Parliament tried to stay neutral and would not discuss the merits of
the King’s councillors: it was readier to talk about the provision of a fixed income for the royal household. But the Commons, who supported York, demonstrated that support by electing his adherent, Sir William Oldhall, as Speaker. Oldhall was a wealthy Norfolk landowner who had known the Duke for many years, serving him first as a councillor in Normandy and latterly as his chamberlain; he was an influential man, with powerful friends and relations.
Under Oldhall’s auspices, the Commons demanded, and got, an Act of Resumption providing for the return of all Crown lands alienated during the past twenty years and the establishment of a committee whose function was to oversee any royal grants proposed in the future. They also secured a promise from the King that efforts would be made to restore law and order in the shires.

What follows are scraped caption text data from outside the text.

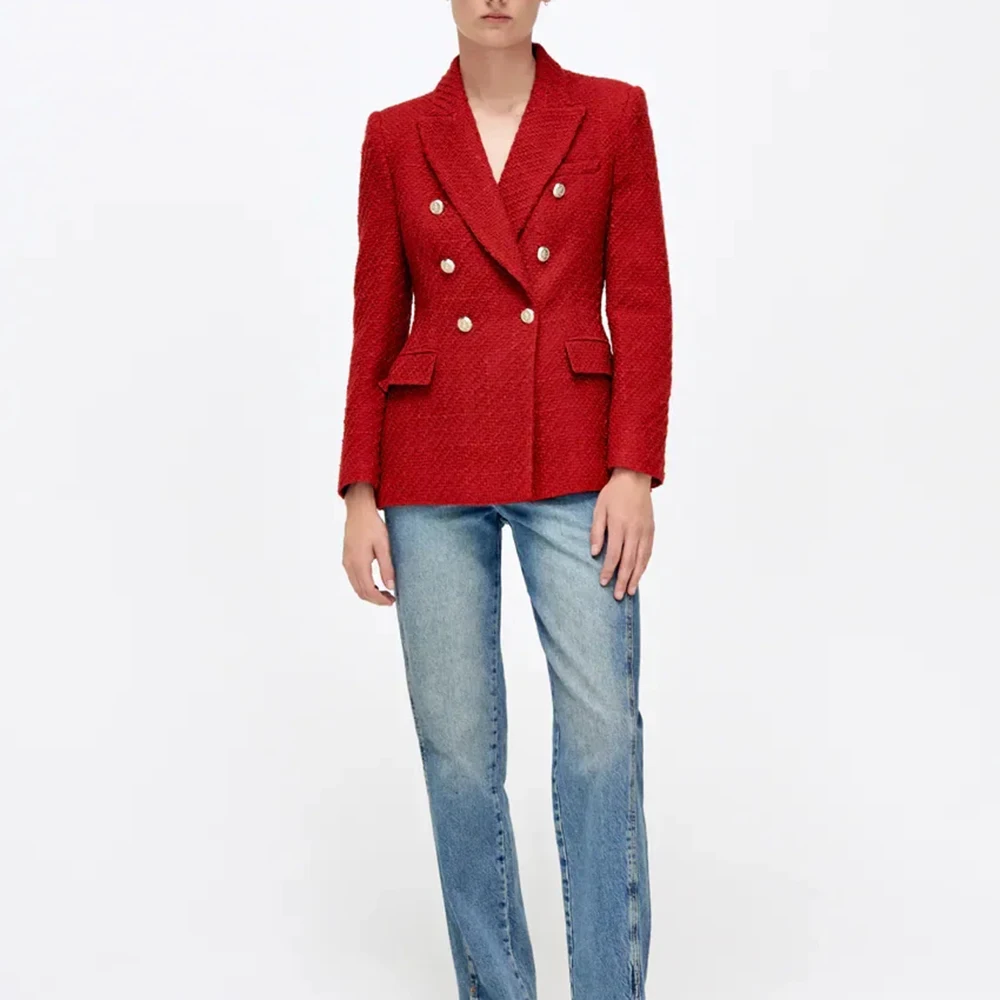 

XIKOM 2021 Autumn Textured Solid Blazer Women Pockets Long Sleeve Tweed Blazer Women Office Lady Slim Women Coat Jacket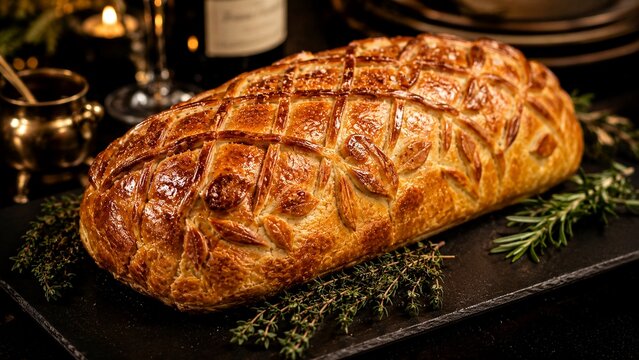 A close up of a fully cooked  beef wellington resting before being served.
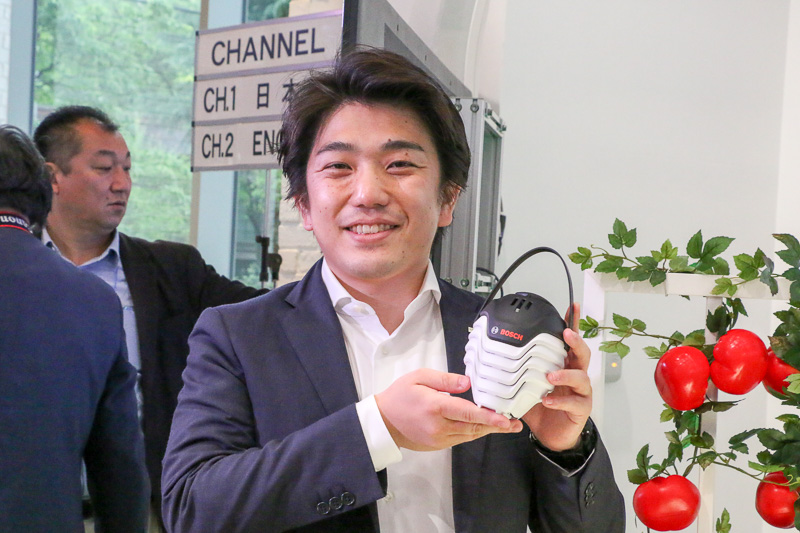 「Plantectのセンサーは小型でワイヤレスなため、場所を選ばずに設置できる」と語ったボッシュ株式会社 FUJIプロジェクト プロジェクトリーダー 鈴木涼祐氏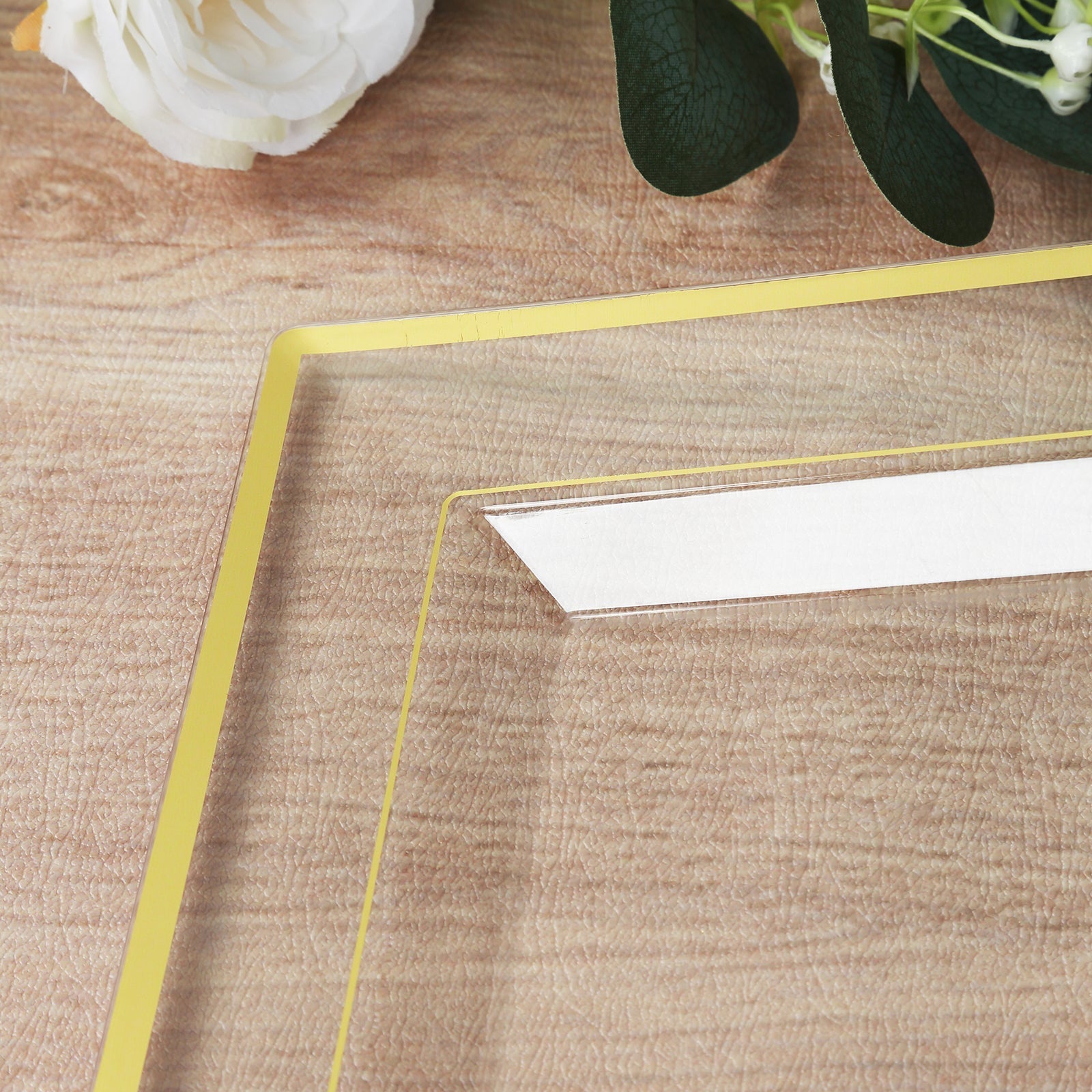 10-Pack Plastic 13"x8" Rectangle Serving Trays Clear with Gold Rim - Durable Reusable Sleek Design for Upscale Events & Parties
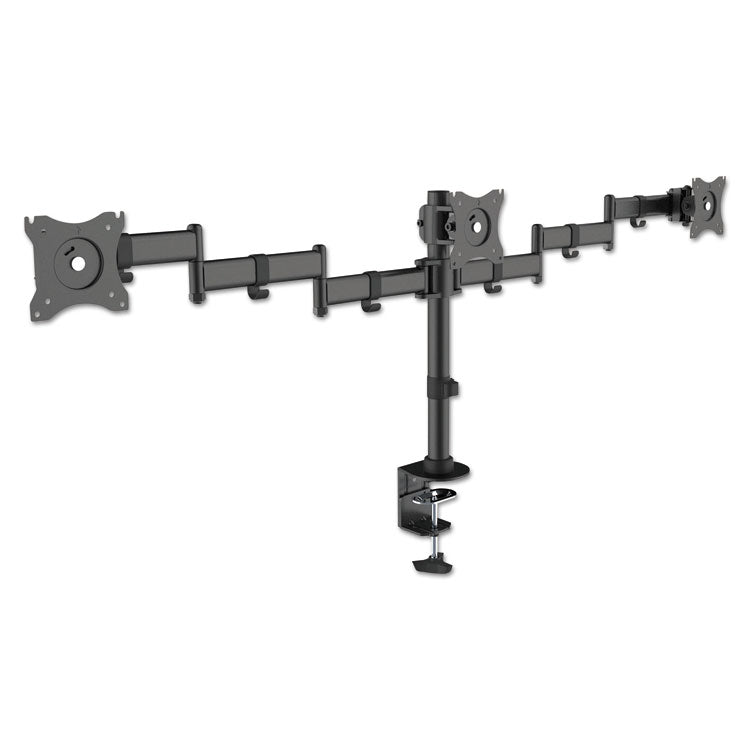 Articulating Triple Monitor Arms, For 13  to 27  Monitors, 360 deg Rotation, 45 deg Tilt, 180 deg Pan, Black, Supports 18 lb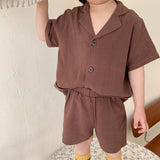 Kids Cotton Short Sleeve Shirt Shorts Set 21039 21039 Curry 80cm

While Parliament was sitting, York’s falcon and fetterlock badge mysteriously appeared all over the city of London each night, only to be torn down every morning and replaced by the royal arms, which were in turn removed the following night. The Lord Mayor, anxious to maintain order, put on his armour each day and rode through the city with a band of soldiers ‘harnessed defensibly for war’. He also ordered the crying of a proclamation forbidding the people to speak of or meddle ‘with any matters done in the Parliament’.
When York came to Parliament he publicly criticised the government’s policy of ignoring the demands of the people and taxing them heavily while rewarding royal favourites and allowing them – already rich men – to keep their wealth. But if York had entertained hopes of removing his enemies by constitutional means he was destined to be frustrated.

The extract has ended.